Dave from Long Beach, CA
Mike, we have great success in the fourth round of the draft. If the first round is barely better than 50-50 getting winners league-wide, how do the other rounds pan out?
I don’t have that list in front of me, but not as well. The first round is still the best bet, which tells you how much of a crapshoot the draft can be. For whatever reason, the fourth round seems to be Ted Thompson’s best as far as the mid-to-late selections. In the fourth, he has found Brady Poppinga, Josh Sitton, T.J. Lang, Mike Daniels, David Bakhtiari and Jake Ryan, among others.
Josh from New Berlin, WI
Mike made the claim that the first round of the draft is essentially “a 50-50 proposition.” I was wondering how you break that down? Is it by Pro Bowl appearance? First-year contribution? Length of career? Regardless of your criteria, first-round picks are statistically better than any other round. I will acknowledge the incredible success that Ted Thompson has had in the middle rounds, but all of our blue-chip defensive players (Matthews, Perry, Clinton-Dix) are first-round picks. Trading up to grab a difference-maker at OLB or CB might be a good move this year.

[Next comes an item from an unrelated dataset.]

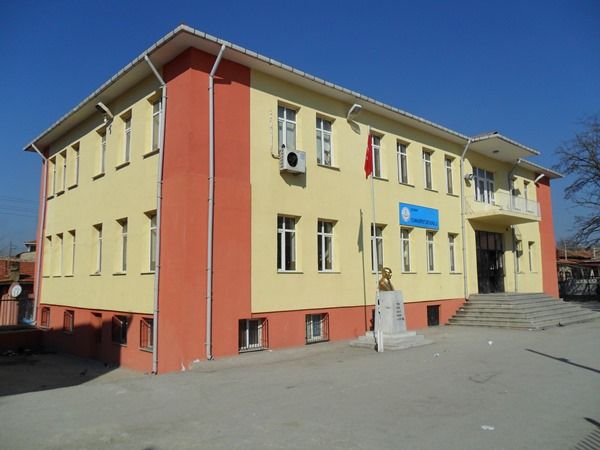 Cumhuriyet Ortaokulu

I read an analysis once that used the rather nebulous distinction “long-term starter,” and by that measure first-round picks pan out about half the time. I don’t disagree with your sentiment, but I don’t see the Packers having the extra ammunition to move up in the first round without really compromising their draft, because it’s so costly. Let’s remember that last year, it cost Thompson a fourth-round pick just to move up nine spots in the second round (from 57 to 48) to draft Spriggs. He felt comfortable giving up that fourth-rounder because he had two fourth-round compensatories he then used on Martinez and Lowry. The first-round price is much, much greater. Going back to ’09 when he moved up 15 spots from early second to late first (41 to 26) to get Matthews, it cost him two third-rounders (the extra third coming from the Favre trade). In effect, he used his four picks in the first three rounds to draft two first-rounders in Raji and Matthews, and he got an extra fifth-rounder in return. Depth-wise the tradeoff to get another first-round bite was palatable. Unless Hayward brings him a third-round compensatory this year, which I doubt, I don’t think he’ll have the draft capital to make the move you’re seeking without giving up at least his second and third (and maybe more, depending on how far up you’re trying to go), which would give him only one pick in the top 100 of the draft. That would be a huge sacrifice for a draft-and-develop program. But I’ve been wrong before. Just ask my wife.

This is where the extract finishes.